Ineffective Communication

Despite good intentions to improve a relationship, it can become quite difficult to avoid some of the most common traps of communication and approach loved ones as adversaries to be defeated.

But when differences of opinion lead to hurt feelings, you still have the power to reinstitute a desire to be seen as allies and not foes.

The following are 7 issues often present in conflict discussions and how you can start addressing them to create a calm and respectful emotional field to improve your relationship.


TRAP #1

Not Knowing What You Want

Many people lead with their emotions in conversations without knowing what it is they’re actually hoping to accomplish in talking to the other person.


Be clear ahead of time about what you want. If you don’t know, take a moment and reflect on your priorities. 


Are you looking for:

  • Empathy and support?

  • Help solving a problem?

  • Wanting to vent?

  • Wanting to assert a boundary?

  • Getting a need met?

Once you know, think about how you will need to show up to the conversation to increase your chances of getting what you want. This will help improve your relationship.

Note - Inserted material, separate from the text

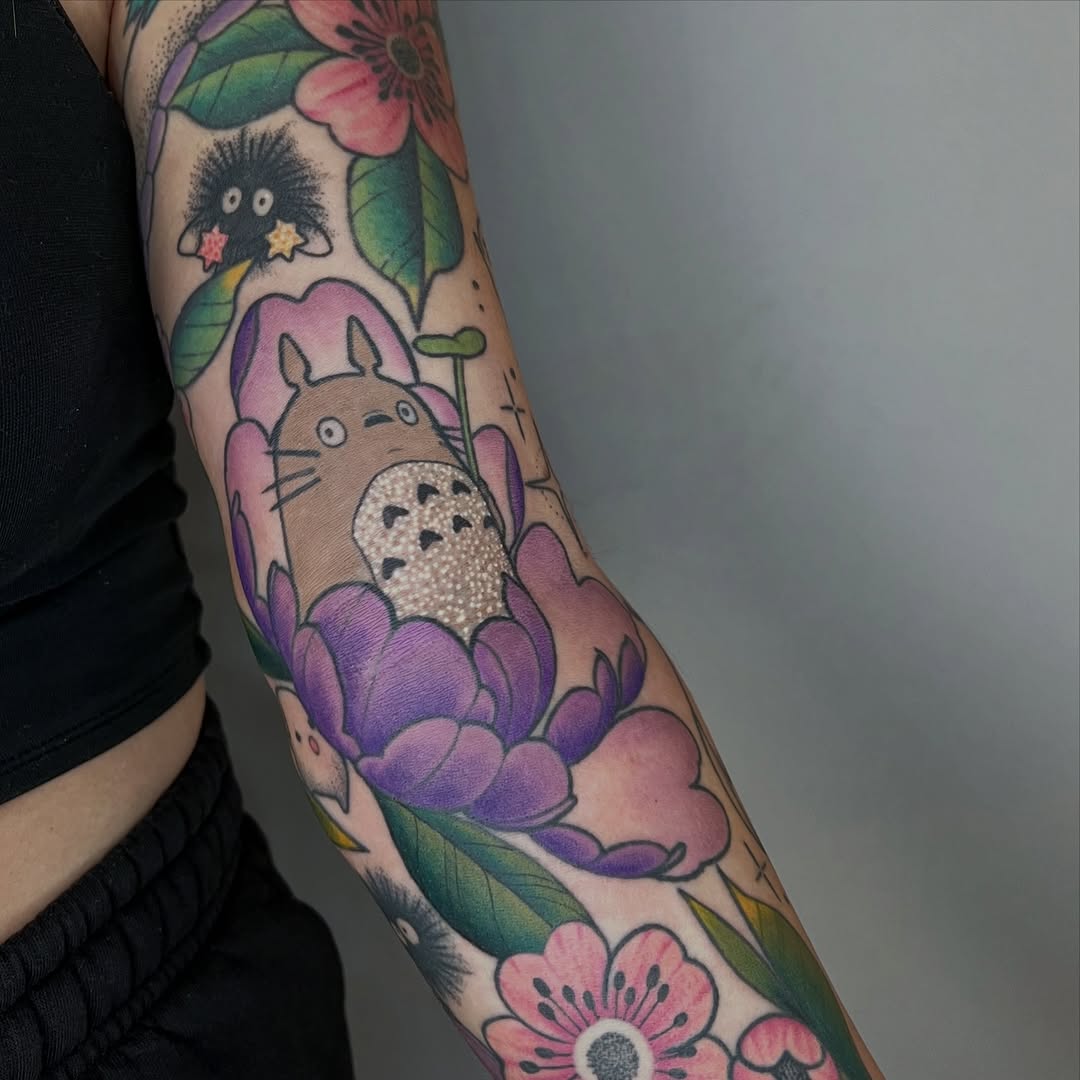 Tattoo by @ofcourseithurts — anime, neo_traditional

If you’re not clear with yourself about what you want, then you can’t reasonably expect the other person to know what you want and be able to give it to you.


TRAP #2

Pushing For Conversation Before the Other Person is Ready

The harder you lean in and push for a conversation before the other person is mentally and emotionally ready, the harder they’ll lean out to avoid your intensity.

For the pursuer…

The pressure to pursue another person to talk about something often comes from difficulty managing one’s own emotions, such as:

  • Anger

  • Insecurity

  • Worry

  • Longing

  • Hurt

  • Shame

  • Loneliness

We then try to get the object of those feelings to see them, validate them, and “fix” them for us by addressing the particular topic of discussion.

If the other person fails to do this, anger often emerges to keep a protective distance from further hurt and invalidation of our emotional needs, while still pushing for engagement in the hopes of a different response.

The conversation then becomes less about the topic you think you’re discussing and more about seeking connection and emotion regulation.


Lowering the emotional intensity often creates more space for the other person to move in.


For the withdrawer…

Someone who is not ready to have a conversation may be trying to say the following:

  • I’m at my emotional limit and am more likely to respond poorly

  • I want to give you my full attention and right now I can’t do that

  • I don’t know how to give you what you want right now and I need some time

On the other hand, perpetual avoidance of conversations has the potential to become a pattern of passive-aggressive punishment by not giving someone what they need.

If you postpone a conversation, you are responsible for re-engaging in a timely manner.

This gives the pursuer a reason to want to give you a break because they trust that you’ll come back.


TRAP #3

Being Right

Arguing over the details of “what really happened” is adversarial and will not improve your relationship.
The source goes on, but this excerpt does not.